Plot the current incident model spectrum (Note: This is NOT the same as an unfolded spectrum.) The contributions of the various additive components are also plotted. If using a named model, the model name should be given as an additional argument. emodel plots $Ef(E)$ or, if plotting wavelength, $\lambda f(\lambda)$. eemodel plots $E^{2}f(E)$, or if plotting wavelength, $\lambda^{2}f(\lambda)$. The $E$ (or $\lambda$) used in the multiplicative factor is taken to be the geometric mean of the lower and upper energies of the plot bin.
polangle

Plot the polarization angle for the data and the model. This requires triplets of I,Q,U Stokes parameter spectra in each data group. The angles all lie between the mean angle $\pm$ 90 degrees.
polfrac

Plot the polarization fraction for the data and the model.
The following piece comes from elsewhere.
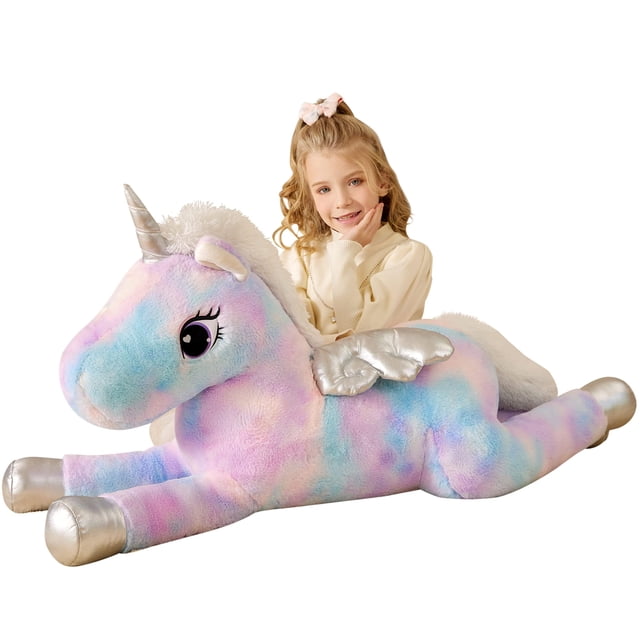 peluche de peluche earthsound, unicornio gigante, 43 pulgadas multicolor; vista 3/4 frontal acostado con cuerno y patas plateadas, pequeñas alas plateadas, pelaje pastel difuminado y ojos bordados grandes; gran tamaño ideal para abrazar, decorar habitación o como regalo.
This requires triplets of I,Q,U Stokes parameter spectra in each data group.
ratio

Plot the data divided by the folded model.
residuals

Plot the data minus the folded model.
sensitivity

Plot the sensitivity of the current spectrum to changes in the incident spectra. Sensitivity is (the model squared) multiplied by the sum of (the response for the bin squared divided by the data variance of the bin).
sum
A pretty plot of the data and residuals against both channels and energy.
ufspec, eufspec, eeufspec

Plot the unfolded spectrum and the model. The contributions to the model of the various additive components also are plotted. WARNING ! This plot is not model-independent and your unfolded model points will move if the model is changed. The data points plotted are calculated by D*(unfolded model)/(folded model), where D is the observed data, (unfolded model) is the theoretical model integrated over the plot bin, and (folded model) is the model times the response as seen in the standard plot data. eufspec plots the unfolded spectrum and model in $Ef(E)$, or if plotting wavelength, $\lambda f(\lambda)$. eeufspec plots the unfolded spectrum and model in $E^{2}f(E)$, or if plotting wavelength, $\lambda^{2}f(\lambda)$. The E (or $\lambda$) used in the multiplicative factor is taken to be the geometric mean of the lower and upper energies of the plot bin.